» Problem requirements
Every entry is to be copied exactly as written, and the pictures are to be skipped.

:: Material provided

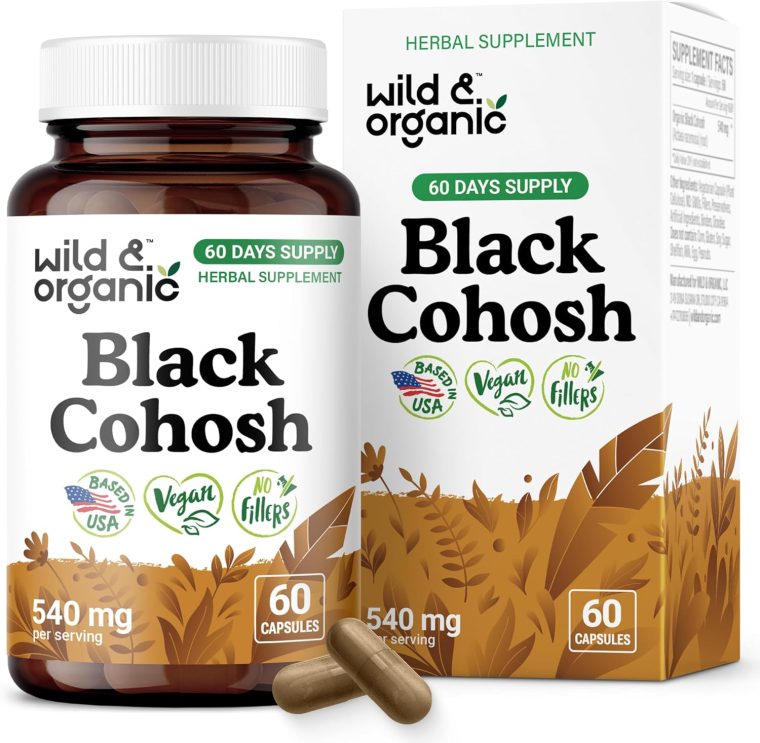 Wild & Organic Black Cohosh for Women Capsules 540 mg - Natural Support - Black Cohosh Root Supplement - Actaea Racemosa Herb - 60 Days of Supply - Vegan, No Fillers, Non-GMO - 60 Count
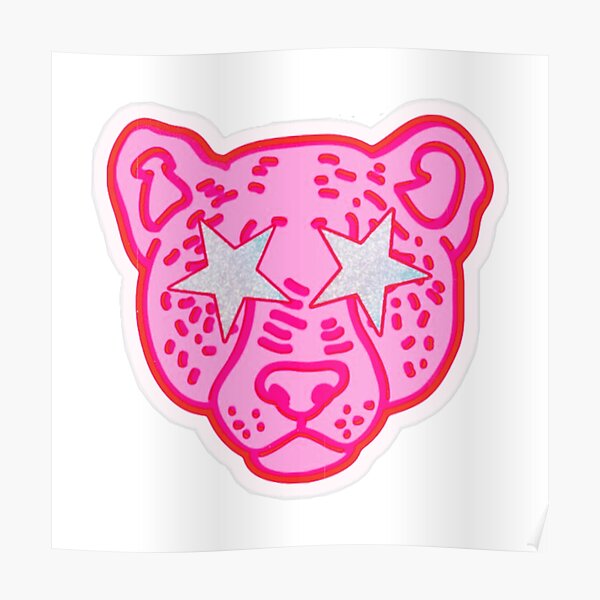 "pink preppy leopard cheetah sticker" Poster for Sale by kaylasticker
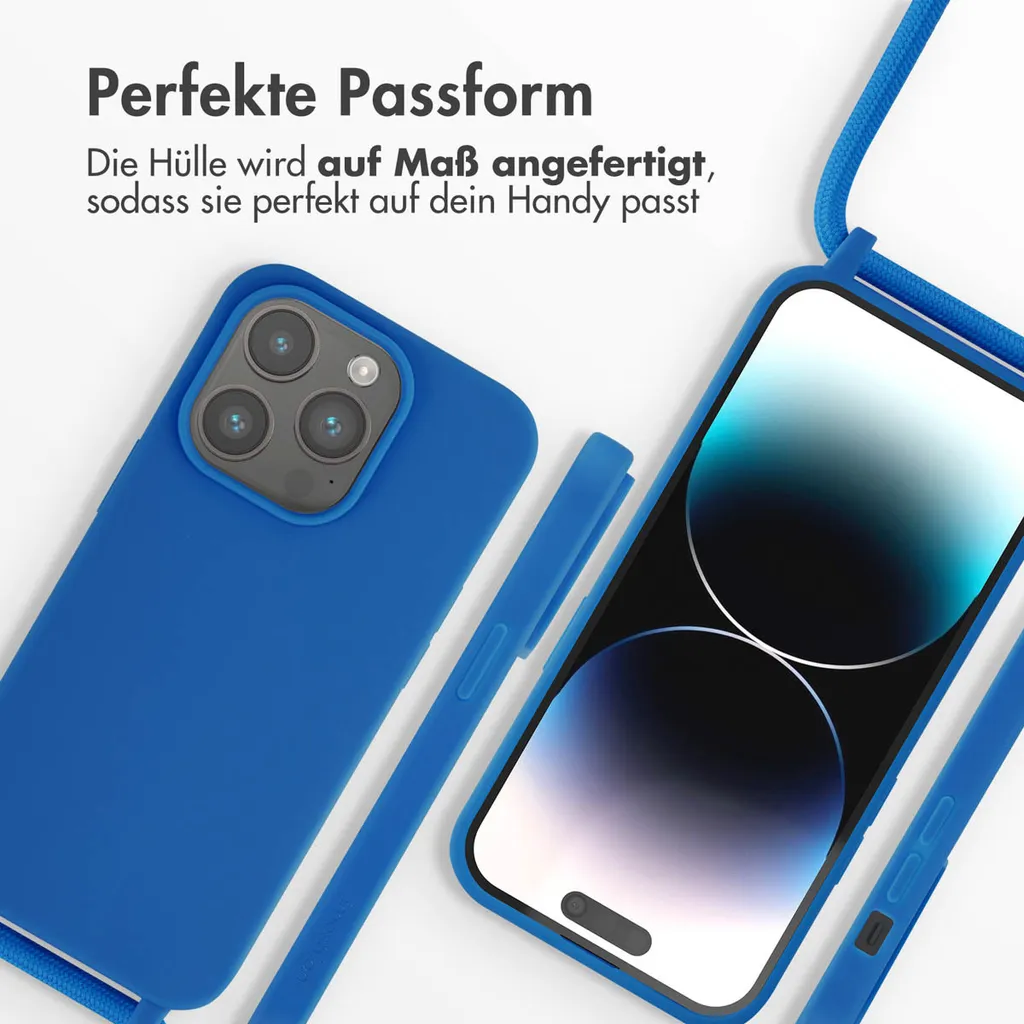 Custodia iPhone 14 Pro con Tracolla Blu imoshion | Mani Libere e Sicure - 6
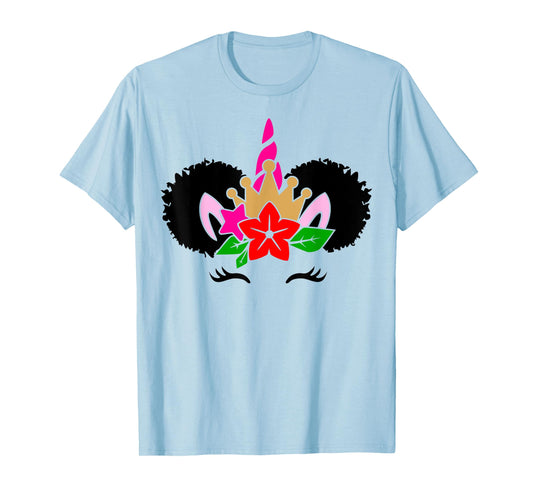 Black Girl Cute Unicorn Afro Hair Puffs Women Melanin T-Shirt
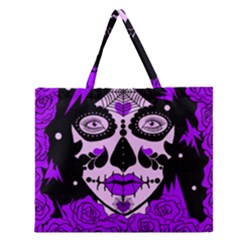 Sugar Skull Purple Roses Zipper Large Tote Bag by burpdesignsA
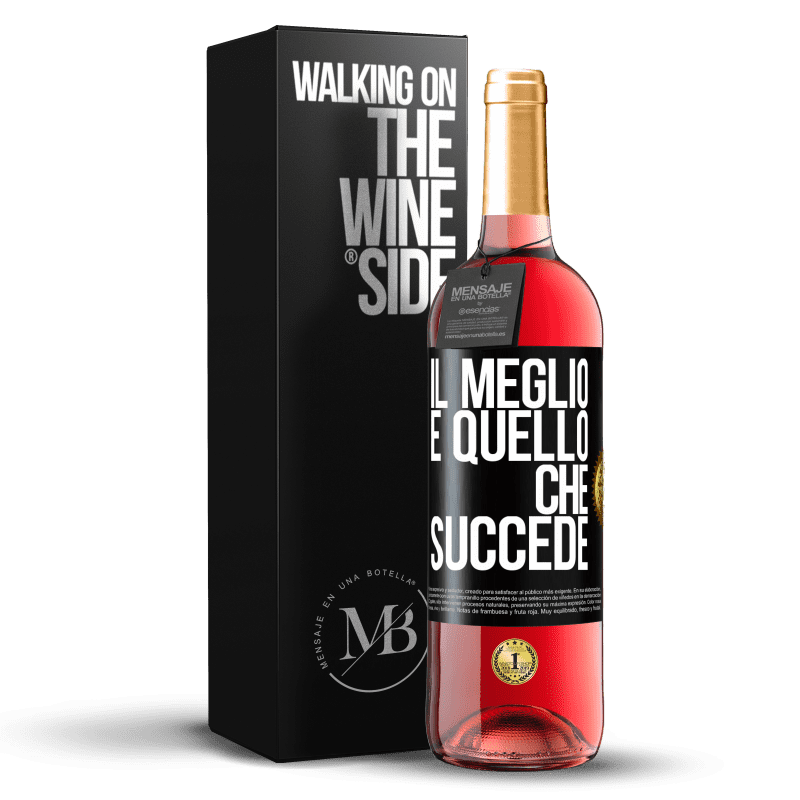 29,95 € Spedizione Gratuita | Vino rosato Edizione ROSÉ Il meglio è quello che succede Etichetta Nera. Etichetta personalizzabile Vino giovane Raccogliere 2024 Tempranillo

::::

» Output of the task
 Wild & Organic Black Cohosh for Women Capsules 540 mg - Natural Support - Black Cohosh Root Supplement - Actaea Racemosa Herb - 60 Days of Supply - Vegan, No Fillers, Non-GMO - 60 Count
 "pink preppy leopard cheetah sticker" Poster for Sale by kaylasticker
 Custodia iPhone 14 Pro con Tracolla Blu imoshion | Mani Libere e Sicure - 6
 Black Girl Cute Unicorn Afro Hair Puffs Women Melanin T-Shirt
 Sugar Skull Purple Roses Zipper Large Tote Bag by burpdesignsA
 29,95 € Spedizione Gratuita | Vino rosato Edizione ROSÉ Il meglio è quello che succede Etichetta Nera. Etichetta personalizzabile Vino giovane Raccogliere 2024 Tempranillo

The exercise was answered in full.